The middle-aged nephew still has a lot to learn. That said, Sharad Pawar has no other option but to rebuild and reassert. There is the little thing called “big ego”, and there are millions of party workers still loyal to Sharad Pawar – anger at the betrayal to their idol driving their aggression and determination.

Besides, Sharad Pawar is not the sort who leaves chores half-done. Also, Sharad Pawar is perhaps the angriest among them all. But, as Ajit Pawar would attest and Supriya Sule would agree, Sharad Pawar’s greatest quality is that he doesn’t lose his cool. Ajit Pawar doing his worst best to provoke and then splitting the NCP was the biggest affront, but instead of a tirade all that came out was the cool “let’s rebuild from scratch”.

The old tale of the boy crying ‘Wolf aaya, Wolf aaya’ could yet come true! Actually, the older Pawar’s strength is in the manner he speaks and it has nothing to do with his speech impediment. There is in him a confidence that comes with years of tackling tough situations from tight corners. Both friend and foe will admit that Pawar is an unforgiving adversary.

Don’t be surprised if long-time colleagues Praful Patel and Chhagan Bhujbal are not waking up in cold sweat at odd hours of the night ever since the betrayal! Politics is a merciless calling with betrayal a constant. But this is one time when betrayal will not go unpunished. At least that will be the prime focus for the wounded patriarch. Bhujbal, Praful Patel, Ajit Pawar – nine Judas, all of them backstabbers! Nine pairs of eyes that will not be able to look Sharad Pawar in the eye ever again.

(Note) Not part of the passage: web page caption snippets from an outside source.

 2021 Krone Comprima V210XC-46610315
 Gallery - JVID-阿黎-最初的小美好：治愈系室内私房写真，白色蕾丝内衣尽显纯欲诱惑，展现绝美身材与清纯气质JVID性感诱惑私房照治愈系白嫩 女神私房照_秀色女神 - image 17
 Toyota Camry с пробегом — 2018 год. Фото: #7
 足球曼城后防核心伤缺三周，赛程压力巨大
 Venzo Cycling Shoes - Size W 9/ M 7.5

Truly, Ajit Pawar poked his hand in the hornet’s nest. And the hornets would be coming for him. Sharad Pawar has said he was leaving the lot to the Election Commission, but that does not mean he will sit on his hands and doze? Sharad Pawar is not young like Rahul Gandhi to bend ankle-deep in a paddy field, but Sharad Pawar knows his “kisanary” and he was Chief Minister as also Union Defence Minister and Union Agriculture Minister in addition to being an authority on cooperatives.

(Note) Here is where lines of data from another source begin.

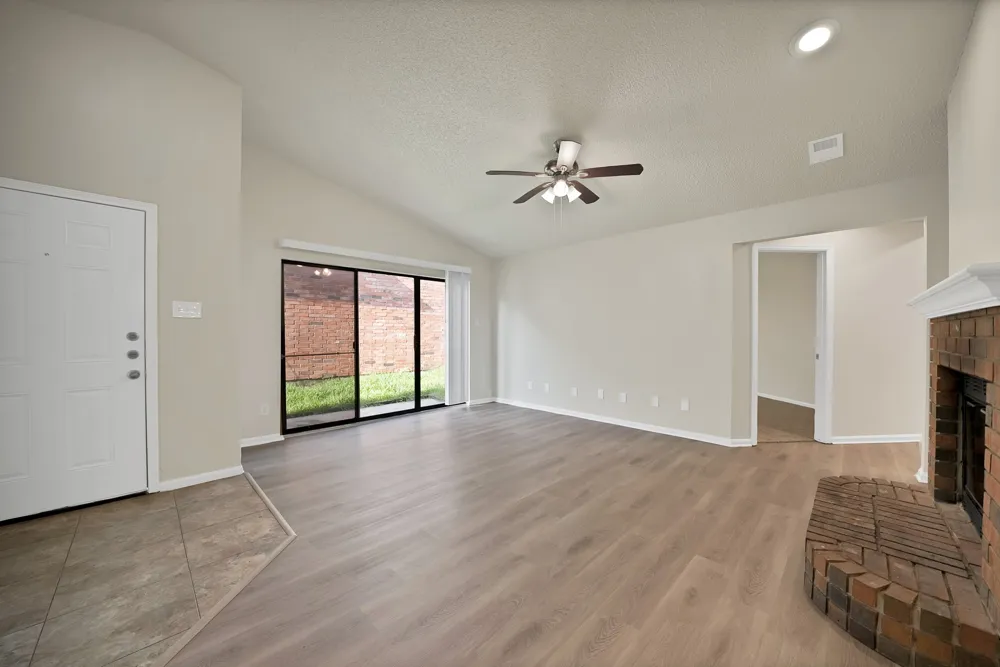 4213 Phoenix Drive Carrollton, TX 75010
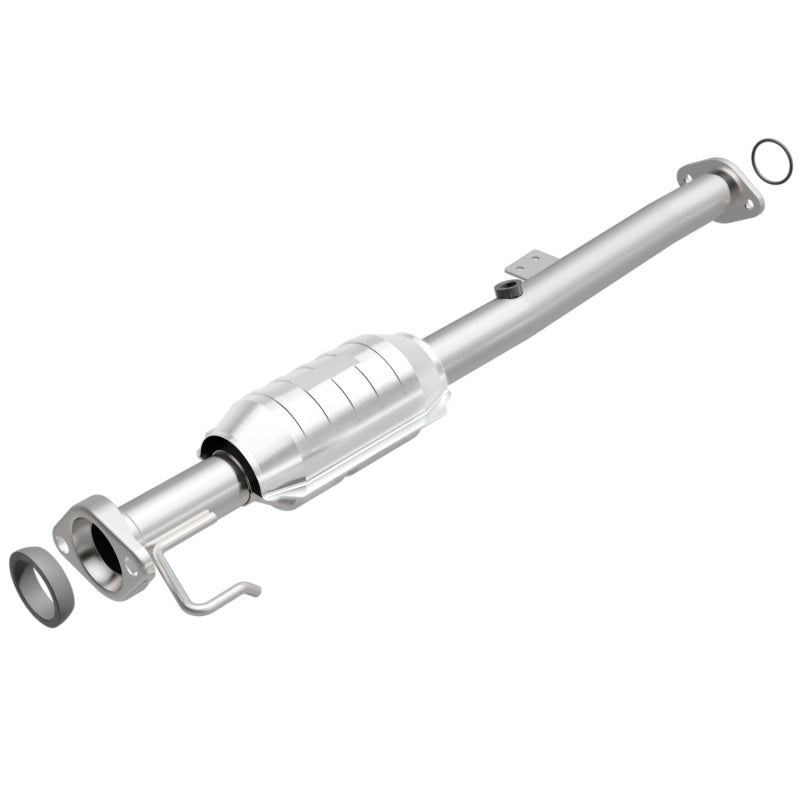 MagnaFlow Direct Fit Catalytic Converter 2000 Chevy Tracker 1.6L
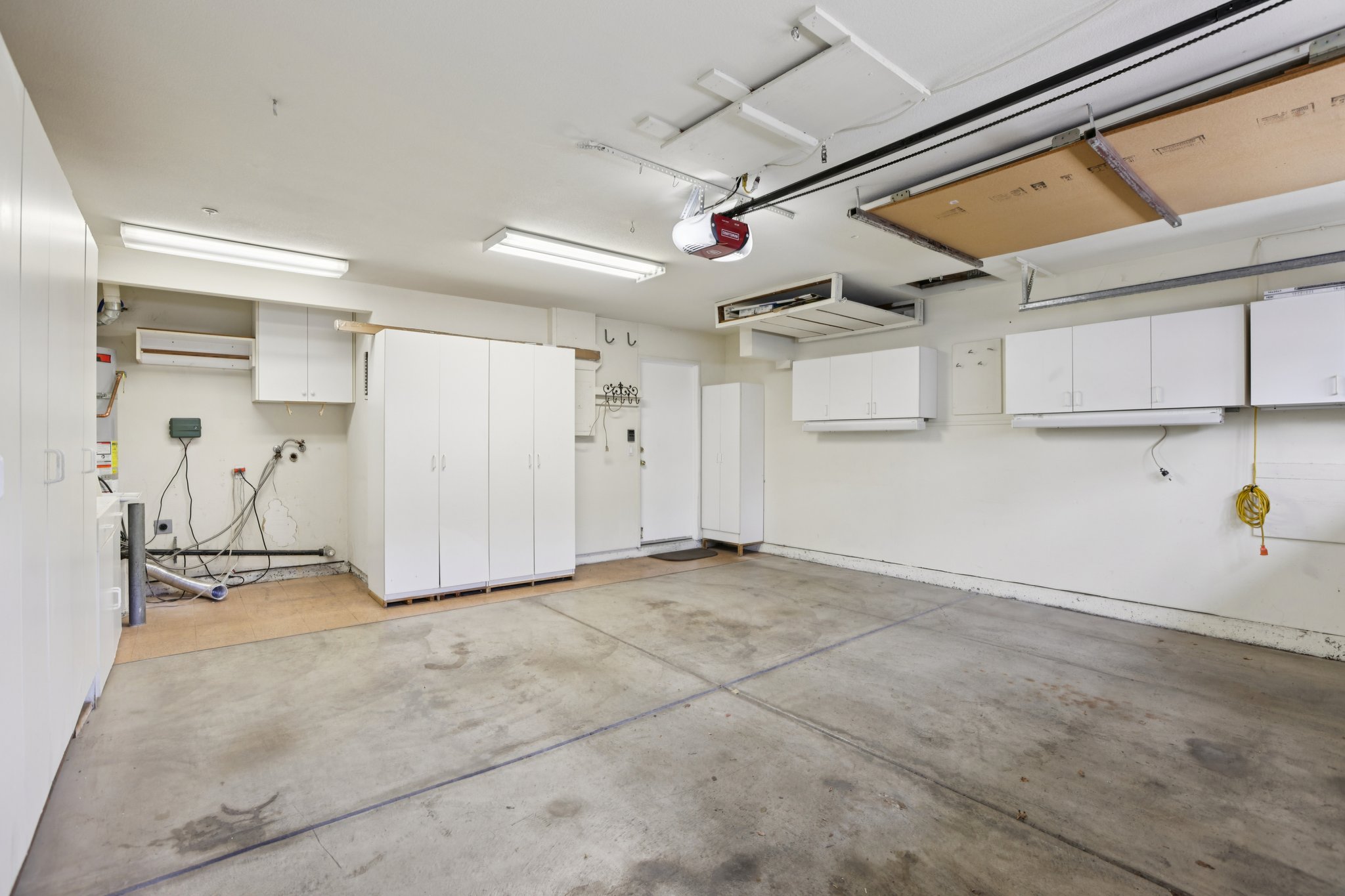 Walsingham Ct 62-S1403-039.jpg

Come to think of it, Union Cooperatives Minister Amit Shah should be at Sharad Pawar’s feet learning the cooperative ropes instead of plotting to break political parties and cutting political adversaries to size. Prime Minister Narendra Modi has called Sharad Pawar his “political guru” and it is unlikely that the mentor would now call it a day and walk into the sunset. Both Modi and Shah can expect a blowback with a backlash in its tail.

That being said, it will not be easy. Rebuilding and reasserting is not child’s play. It will require determination and “dough’, lots of both. The singular advantage for Sharad Pawar will be the collective strength of the combined opposition. Opposition parties should take the fight as their own and help Sharad Pawar rebuild and reassert. A victory for Sharad Pawar will be victory for the combined Opposition.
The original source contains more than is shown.